In his letter, Bernier also argued the chance of PPC candidates winning would change substantially during the campaign, because of a “high level of volatility and disaffection of the electorate, and the fact that populist parties similar to the PPC have experienced very rapid growth in other western countries.”
So instead of providing a list of candidates with the best chance of winning, the PPC flagged five candidates that they said are better known in their ridings and would thus have an advantage going in to the campaign.
First on the list was Bernier himself, who currently holds the Quebec riding of Beauce.
Two former Conservative MPs were also listed: Steven Fletcher in a Winnipeg-area riding and Corneliu Chisu in Pickering-Uxbridge. Mark King, a city councillor in North Bay, Ont., is running for the PPC in Nipissing-Timiskaming and was also listed by the party.
Finally, former Toronto mayor Rob Ford’s widow Renata Ford – seeking to unseat Science Minister Kirsty Duncan in Etobicoke North – was also singled out.
Bernier also argued in the letter that the number of social media searches and the coverage he has received in traditional media is “clear proof” of the electorate’s interest in his party, necessitating his place on the debate stage.
Michel Cormier, executive director of the debates commission, said in an e-mailed statement his organization had thanked Bernier for his submission and “will be taking the full scope of the letter into consideration as we make our decision.”

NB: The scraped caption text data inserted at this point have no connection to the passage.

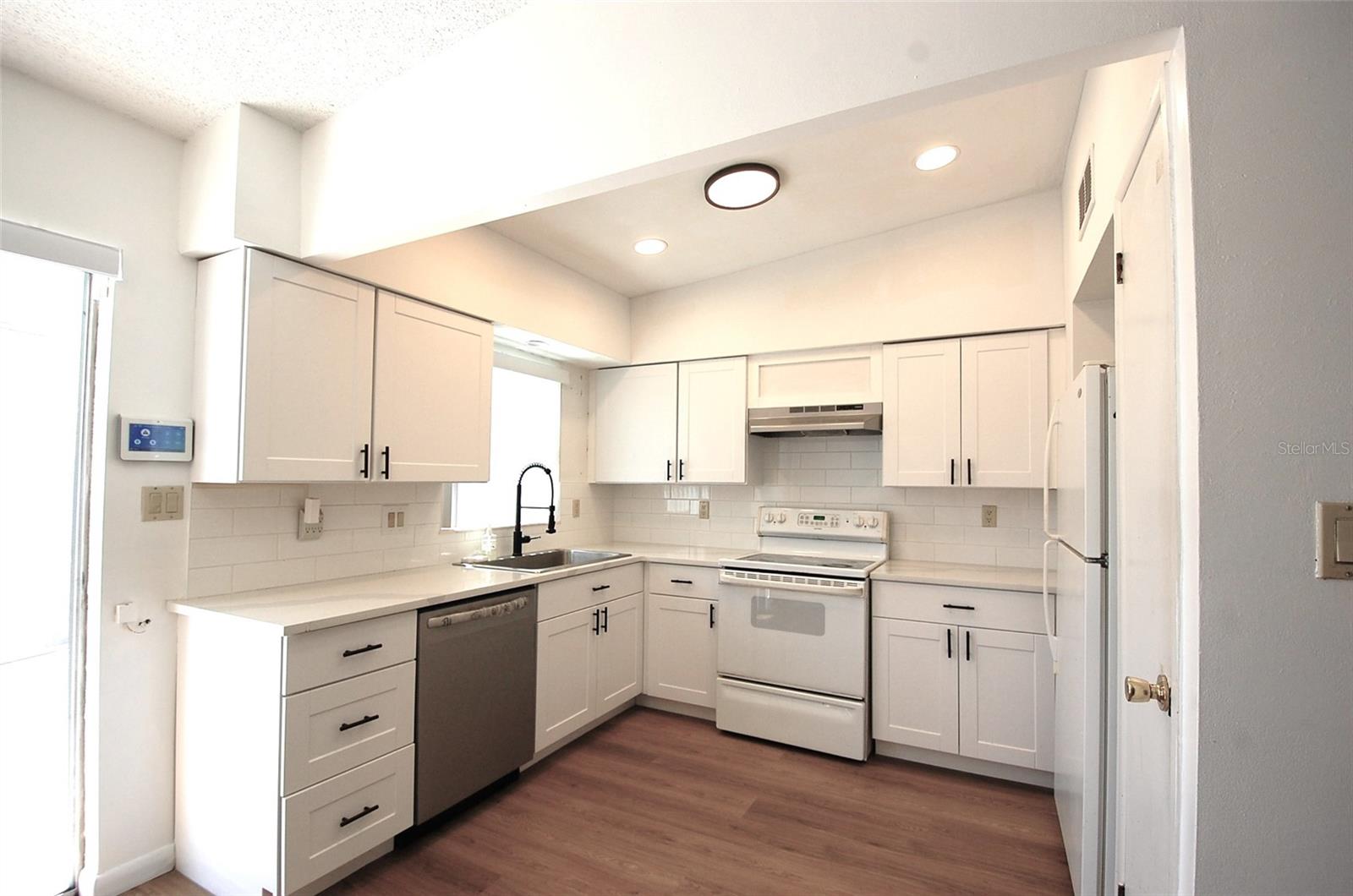 Updated bright and light kitchen with white shaker-style cabinetry, subway tile backsplash, recessed lighting, new dish washer, window overlooking the pool and open to the dining room and living room.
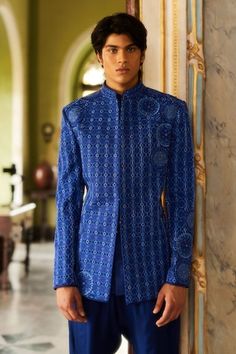 Blue bandhgala featuring thread embroidered geometric motifs highlighted by tonal crystal and bead embellishments. Comes with straight pant. - Aza Fashions Fitted Hand Embellished Kurta For Eid, Traditional Hand Embellished Blue Set, Fitted Hand Embellished Kurta For Festivals, Fitted Blue Bandhgala With Intricate Embroidery, Fitted Blue Kurta With Motifs, Blue Fitted Kurta With Motifs, Designer Motif Fitted Sets, Designer Fitted Sets With Motifs, Designer Fitted Kurta With Motifs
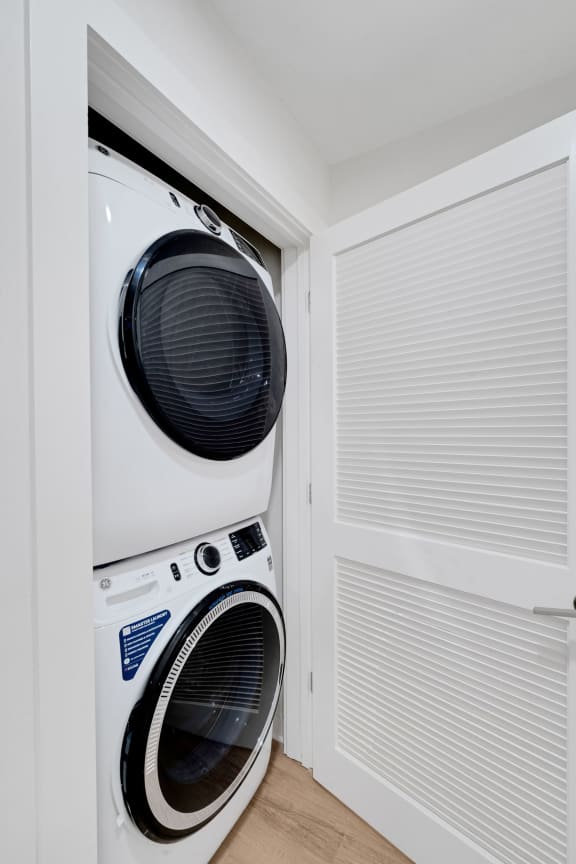 a washing machine and dryer in a small laundry room at Hawkins Press, Charlotte, NC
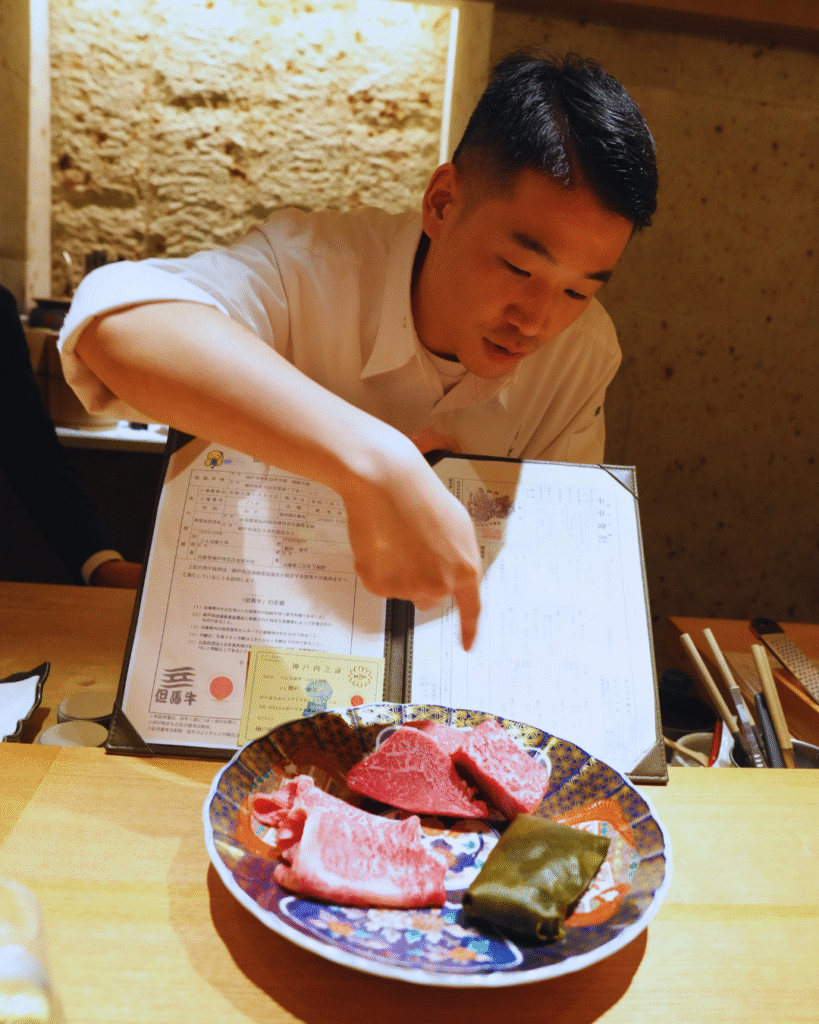 Flip Japan photo of a chef presenting a plate of kobe beef with its certificate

Opinion polls and polling aggregators tend to show the People’s Party receiving around three per cent of public support. A Mainstreet Research poll from earlier this month suggested Bernier was tied with his Conservative opponent in Beauce.

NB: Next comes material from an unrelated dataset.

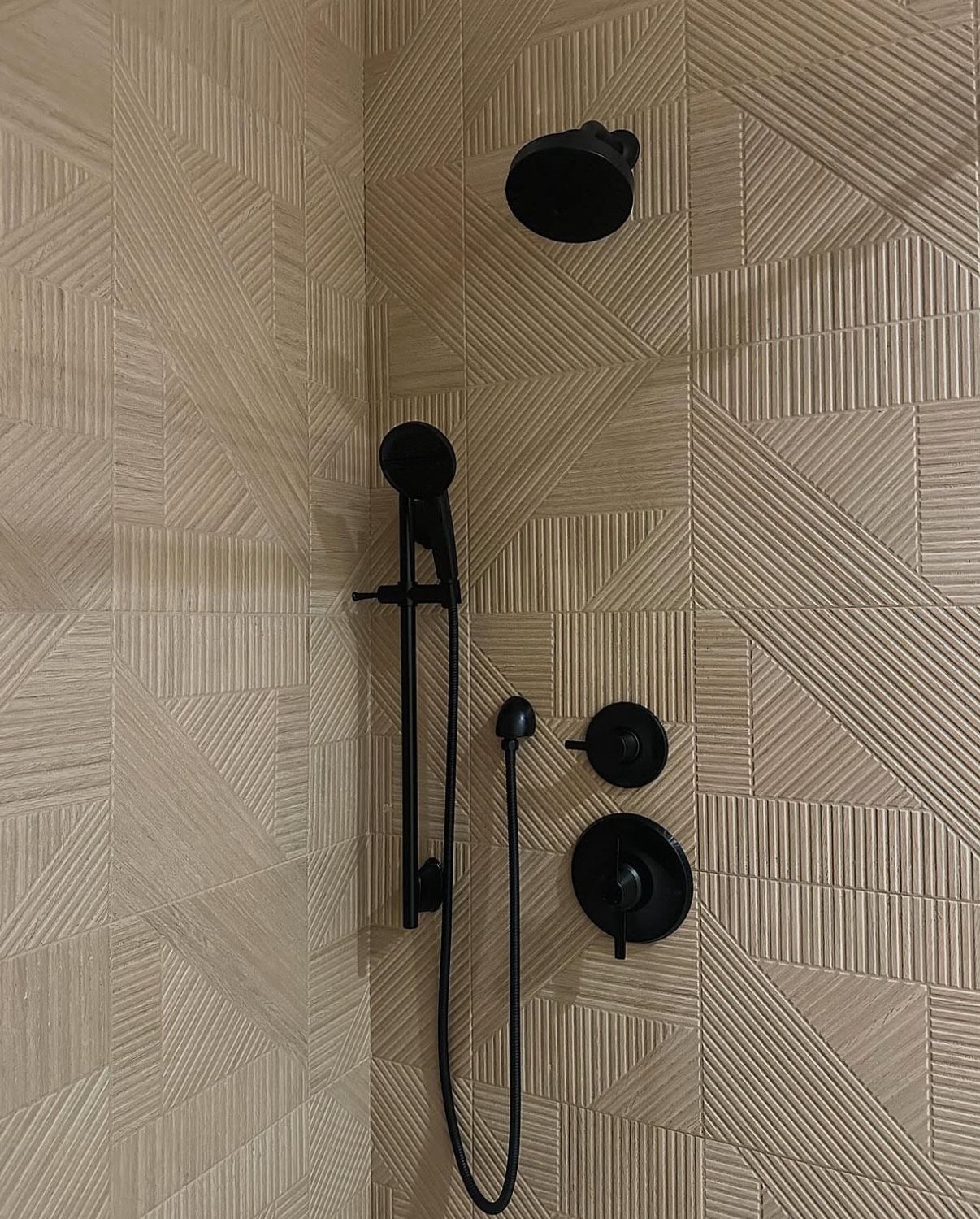 Black shower fixtures on textured beige tile wall. Includes showerhead, handheld, and controls.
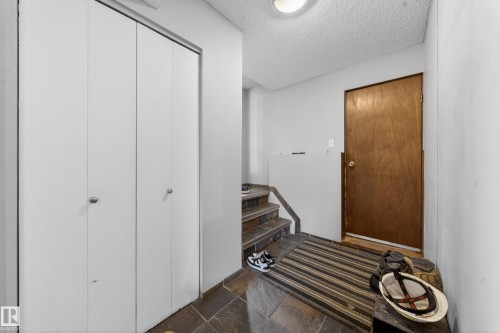 Foyer featuring slate tile flooring, wood-finish interior door, textured ceiling, and bi-fold closet doors - 2832 35 Street, Edmonton, AB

“It’s very hard from national polling, and even regional polling, to look at the potential of the People’s Party,” said Christian Bourque, a vice-president at the Leger polling firm.
Bourque added that unless a party is polling in double digits regionally, it seems unlikely they would win any seats, with some special exceptions.

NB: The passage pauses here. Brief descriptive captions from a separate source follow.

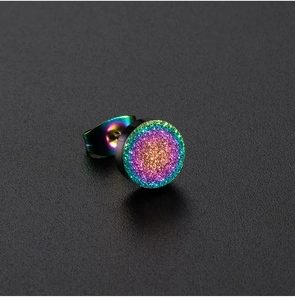 Detalle macro de pendientes de acero de titanio arcoíris con acabado de arena púrpura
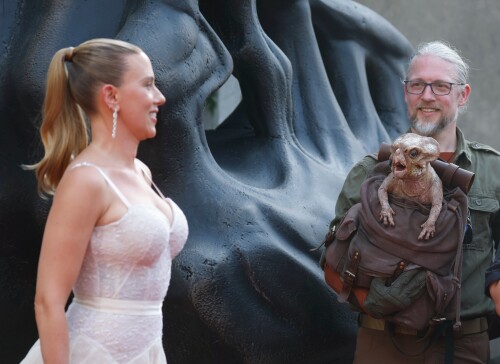 Mandatory Credit: Photo by John Angelillo/UPI/Shutterstock (15370977h)Scarlett Johansson and the mechanical dinosaur character Dolores the Aquilops arrive on the red carpet for the "Jurassic World Rebirth" New York Premiere at Lincoln Center on Monday June 23, 2025 in New York City.Jurassic World Rebirth Premiere, New York, United States - 23 Jun 2025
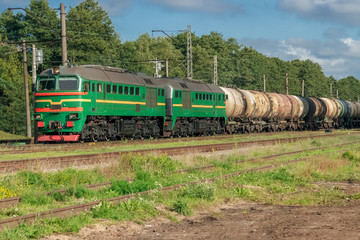Freight train with tank wagons moving in forest. Green diesel ca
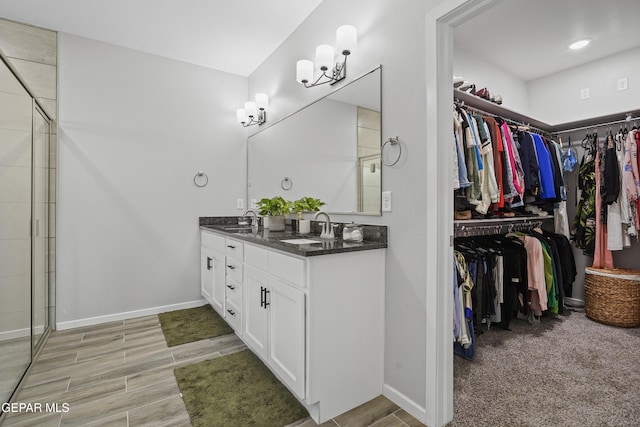 2308 Enchanted Quail, El Paso, TX 79911 - bathroom featuring double vanity, a spacious closet, a tile shower, and wood finished floors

Victory in Bernier’s own seat, for example, largely depends on the Conservative’s national campaign, Bourque said.
And for the PPC to see more widespread success, it would likely need the Conservative national campaign to collapse, he said, and a more successful Tory campaign would make things difficult for the PPC.
The Ontario riding of Pickering-Uxbridge northeast of Toronto, for example, is probably one of the first ridings a successful national Conservative campaign would hope to pick up from the Liberals, Bourque said.
Even if polling suggests PPC candidates have a low chance of winning outright, whether Bernier will be able to participate in the federal leaders’ debates depends on the commission’s determination of whether they have a “legitimate chance” to do so.
The criteria for what makes a “legitimate chance” is unclear. The commission defines it as “a reasonable chance of having someone elected,” but Cormier has said that does not correspond to a specific polling result, but more a general overview that takes things like fundraising, media attention and previous election results into consideration.